It seems like there should be some way to "hack" the audio transcription that google offers through google voice or youtube. Unfortunately I haven't found a way to upload a file. With youtube, if you make a fake movie, it gives an error that it can't be transcribed. Getting google voice to work would require some sort of phone interface I suppose...

Re:I've wondered about this too (4, Informative)

Enuratique (993250) | more than 4 years ago | (#32972214)

Google relies on Twilio [twilio.com] for their audio transcription.

Re:I've wondered about this too (1)

itamblyn (867415) | more than 4 years ago | (#32972506)

Source?

Best Idea (3, Informative)

Anonymous Coward | more than 4 years ago | (#32971980)

just upload it to youtube, its genius google transcription technology will make everything sense out of it.

Re:Best Idea (0)

Culture20 (968837) | more than 4 years ago | (#32972112)

genius google transcription technology

That's not a transcription technology, that's the comments. People tend to repeat the phrases they like. For example:
genius google transcription technology. ROFLMAO
Why'd you steal this video? The original has over 2,000,000 views. You stole this.
I like when he said "upload it to youtube" ;) 3 (it looks like a heart!)

Having delt with this... (1)

Skuld-Chan (302449) | more than 4 years ago | (#32972000)

I'm interested in open version of a transcription app (I run a lab with a lot of this software/equipment) but this is a very vertical market - up until recently there wasn't any standard interface for the foot pedal (newer ones are hid usb devices now).

I had to throw away a bunch of sony serial devices because they only worked with one app I can't make work on newer versions of Windows.

youtube (1, Informative)

Anonymous Coward | more than 4 years ago | (#32972012)
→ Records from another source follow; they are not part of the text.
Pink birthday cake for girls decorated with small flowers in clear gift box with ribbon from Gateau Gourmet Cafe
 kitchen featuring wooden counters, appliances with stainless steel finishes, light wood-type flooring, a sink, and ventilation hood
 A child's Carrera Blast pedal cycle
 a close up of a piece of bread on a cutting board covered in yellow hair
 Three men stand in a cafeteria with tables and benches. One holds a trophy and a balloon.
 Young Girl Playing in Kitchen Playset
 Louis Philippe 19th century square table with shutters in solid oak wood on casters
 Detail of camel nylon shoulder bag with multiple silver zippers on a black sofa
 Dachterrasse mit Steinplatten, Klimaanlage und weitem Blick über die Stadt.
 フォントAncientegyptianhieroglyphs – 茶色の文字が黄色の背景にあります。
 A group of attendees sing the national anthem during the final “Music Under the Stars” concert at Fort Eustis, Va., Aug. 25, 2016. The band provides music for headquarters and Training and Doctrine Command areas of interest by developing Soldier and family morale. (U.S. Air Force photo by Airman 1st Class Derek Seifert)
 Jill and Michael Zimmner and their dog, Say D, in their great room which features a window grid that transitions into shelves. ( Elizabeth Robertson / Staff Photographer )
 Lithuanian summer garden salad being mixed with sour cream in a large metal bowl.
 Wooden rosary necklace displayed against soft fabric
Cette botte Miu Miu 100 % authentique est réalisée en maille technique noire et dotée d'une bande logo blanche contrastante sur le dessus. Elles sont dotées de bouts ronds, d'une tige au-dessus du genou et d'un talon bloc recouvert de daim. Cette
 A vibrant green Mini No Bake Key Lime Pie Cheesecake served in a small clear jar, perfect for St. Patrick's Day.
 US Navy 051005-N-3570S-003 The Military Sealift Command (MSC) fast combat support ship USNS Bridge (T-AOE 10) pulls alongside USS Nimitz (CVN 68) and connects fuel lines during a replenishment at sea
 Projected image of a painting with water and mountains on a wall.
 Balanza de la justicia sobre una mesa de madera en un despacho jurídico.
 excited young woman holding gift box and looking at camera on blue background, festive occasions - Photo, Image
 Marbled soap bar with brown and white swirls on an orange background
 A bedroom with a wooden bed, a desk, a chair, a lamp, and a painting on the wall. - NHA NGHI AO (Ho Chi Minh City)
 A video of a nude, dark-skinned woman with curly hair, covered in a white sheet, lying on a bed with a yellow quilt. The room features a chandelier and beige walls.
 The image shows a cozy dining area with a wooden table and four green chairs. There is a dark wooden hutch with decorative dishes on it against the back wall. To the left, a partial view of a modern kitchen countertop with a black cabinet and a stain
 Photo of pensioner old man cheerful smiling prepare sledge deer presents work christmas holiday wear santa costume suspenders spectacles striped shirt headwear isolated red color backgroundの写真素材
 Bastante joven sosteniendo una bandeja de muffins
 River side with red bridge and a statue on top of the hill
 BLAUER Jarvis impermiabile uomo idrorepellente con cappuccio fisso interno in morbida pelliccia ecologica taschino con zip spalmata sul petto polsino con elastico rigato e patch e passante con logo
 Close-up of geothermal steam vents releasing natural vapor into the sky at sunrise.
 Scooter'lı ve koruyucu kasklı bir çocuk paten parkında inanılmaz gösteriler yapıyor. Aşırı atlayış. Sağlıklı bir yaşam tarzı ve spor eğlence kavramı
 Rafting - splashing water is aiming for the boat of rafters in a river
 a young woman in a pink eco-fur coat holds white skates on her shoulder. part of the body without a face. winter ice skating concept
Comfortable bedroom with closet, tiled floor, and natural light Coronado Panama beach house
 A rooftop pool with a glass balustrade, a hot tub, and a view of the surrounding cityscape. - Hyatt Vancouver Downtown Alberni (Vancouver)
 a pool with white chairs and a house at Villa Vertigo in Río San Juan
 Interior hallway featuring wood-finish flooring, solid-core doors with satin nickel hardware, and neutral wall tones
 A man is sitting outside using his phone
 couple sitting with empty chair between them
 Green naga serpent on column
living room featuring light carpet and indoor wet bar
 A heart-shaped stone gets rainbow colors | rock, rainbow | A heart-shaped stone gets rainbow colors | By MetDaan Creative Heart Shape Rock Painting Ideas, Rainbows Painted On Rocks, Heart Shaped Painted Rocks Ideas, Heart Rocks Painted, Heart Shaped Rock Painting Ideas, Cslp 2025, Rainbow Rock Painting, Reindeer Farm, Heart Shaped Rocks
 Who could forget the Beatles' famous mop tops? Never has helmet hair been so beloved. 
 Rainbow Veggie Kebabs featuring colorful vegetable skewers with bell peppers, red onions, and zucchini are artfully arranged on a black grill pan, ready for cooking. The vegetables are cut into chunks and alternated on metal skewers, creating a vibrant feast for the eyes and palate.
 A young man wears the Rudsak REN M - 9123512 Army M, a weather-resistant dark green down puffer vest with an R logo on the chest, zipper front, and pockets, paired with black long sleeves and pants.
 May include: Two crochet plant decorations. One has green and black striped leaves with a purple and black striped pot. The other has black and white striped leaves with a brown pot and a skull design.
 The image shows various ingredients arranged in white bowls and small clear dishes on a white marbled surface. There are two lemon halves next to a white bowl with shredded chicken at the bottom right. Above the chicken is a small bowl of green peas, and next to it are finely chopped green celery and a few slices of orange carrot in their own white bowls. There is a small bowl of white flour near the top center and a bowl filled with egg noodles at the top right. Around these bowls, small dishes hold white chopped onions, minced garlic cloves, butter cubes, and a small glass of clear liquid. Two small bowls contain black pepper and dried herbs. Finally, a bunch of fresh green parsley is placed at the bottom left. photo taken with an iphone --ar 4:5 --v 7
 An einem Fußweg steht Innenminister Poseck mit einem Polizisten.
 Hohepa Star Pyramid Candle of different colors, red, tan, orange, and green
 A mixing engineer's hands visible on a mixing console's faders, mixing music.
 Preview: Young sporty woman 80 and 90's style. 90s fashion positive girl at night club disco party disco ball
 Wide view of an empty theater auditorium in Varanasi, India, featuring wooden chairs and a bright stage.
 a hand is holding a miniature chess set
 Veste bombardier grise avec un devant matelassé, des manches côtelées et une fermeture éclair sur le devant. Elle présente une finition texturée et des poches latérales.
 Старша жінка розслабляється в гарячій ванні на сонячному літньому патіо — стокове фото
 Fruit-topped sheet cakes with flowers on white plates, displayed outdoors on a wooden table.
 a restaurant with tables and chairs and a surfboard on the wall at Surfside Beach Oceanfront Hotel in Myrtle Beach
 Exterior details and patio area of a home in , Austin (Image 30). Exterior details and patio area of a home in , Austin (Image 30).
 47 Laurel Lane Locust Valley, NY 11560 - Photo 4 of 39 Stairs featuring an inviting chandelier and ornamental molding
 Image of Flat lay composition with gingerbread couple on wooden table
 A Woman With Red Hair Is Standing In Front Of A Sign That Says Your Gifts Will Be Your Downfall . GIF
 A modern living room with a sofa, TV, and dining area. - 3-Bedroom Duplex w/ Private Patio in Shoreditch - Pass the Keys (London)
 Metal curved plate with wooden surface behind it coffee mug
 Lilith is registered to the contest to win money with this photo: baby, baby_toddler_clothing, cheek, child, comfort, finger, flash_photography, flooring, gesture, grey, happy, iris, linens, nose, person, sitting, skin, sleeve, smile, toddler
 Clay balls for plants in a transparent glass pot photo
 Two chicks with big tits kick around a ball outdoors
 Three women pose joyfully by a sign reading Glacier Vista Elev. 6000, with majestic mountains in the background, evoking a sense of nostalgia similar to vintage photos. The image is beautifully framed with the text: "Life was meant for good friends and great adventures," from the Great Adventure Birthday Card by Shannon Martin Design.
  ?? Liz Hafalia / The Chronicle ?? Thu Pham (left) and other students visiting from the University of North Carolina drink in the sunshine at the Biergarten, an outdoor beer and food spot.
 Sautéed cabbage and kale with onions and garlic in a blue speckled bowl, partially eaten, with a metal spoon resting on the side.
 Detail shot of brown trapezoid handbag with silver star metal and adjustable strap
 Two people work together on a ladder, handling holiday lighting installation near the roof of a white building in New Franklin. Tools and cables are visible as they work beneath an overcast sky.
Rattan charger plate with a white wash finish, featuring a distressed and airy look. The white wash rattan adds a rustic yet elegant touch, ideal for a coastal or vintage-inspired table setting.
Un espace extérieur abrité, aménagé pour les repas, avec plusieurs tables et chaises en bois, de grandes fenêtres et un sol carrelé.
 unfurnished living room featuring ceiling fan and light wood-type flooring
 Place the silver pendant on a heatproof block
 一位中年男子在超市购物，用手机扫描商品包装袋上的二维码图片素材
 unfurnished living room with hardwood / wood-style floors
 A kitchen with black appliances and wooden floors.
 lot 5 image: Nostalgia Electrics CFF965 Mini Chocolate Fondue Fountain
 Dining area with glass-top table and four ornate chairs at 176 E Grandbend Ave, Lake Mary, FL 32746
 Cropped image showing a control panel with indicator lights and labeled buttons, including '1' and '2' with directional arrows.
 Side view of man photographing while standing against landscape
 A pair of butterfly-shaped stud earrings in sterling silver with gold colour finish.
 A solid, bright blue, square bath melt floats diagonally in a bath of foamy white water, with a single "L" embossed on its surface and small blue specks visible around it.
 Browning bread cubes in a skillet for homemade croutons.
upload to youtube and let it create closed captions. the results won't be perfect, but it will be better than most software.

simon and julius (0)

Anonymous Coward | more than 4 years ago | (#32972016)

I've tried simon and julius, but couldn't get past the learning curve to do actual transcription. I will say that it looks like both could be better for recognizing "just your own voice" once you get past the learning curve enough to train. The commercial software is good at recognizing everybody's voice, which isn't that helpful for transcription.

XTrans (2, Interesting)

ceraphis (1611217) | more than 4 years ago | (#32972042)

Why don't you give XTrans a shot: XTrans [upenn.edu]

Re:XTrans (1)

nextekcarl (1402899) | more than 4 years ago | (#32972696)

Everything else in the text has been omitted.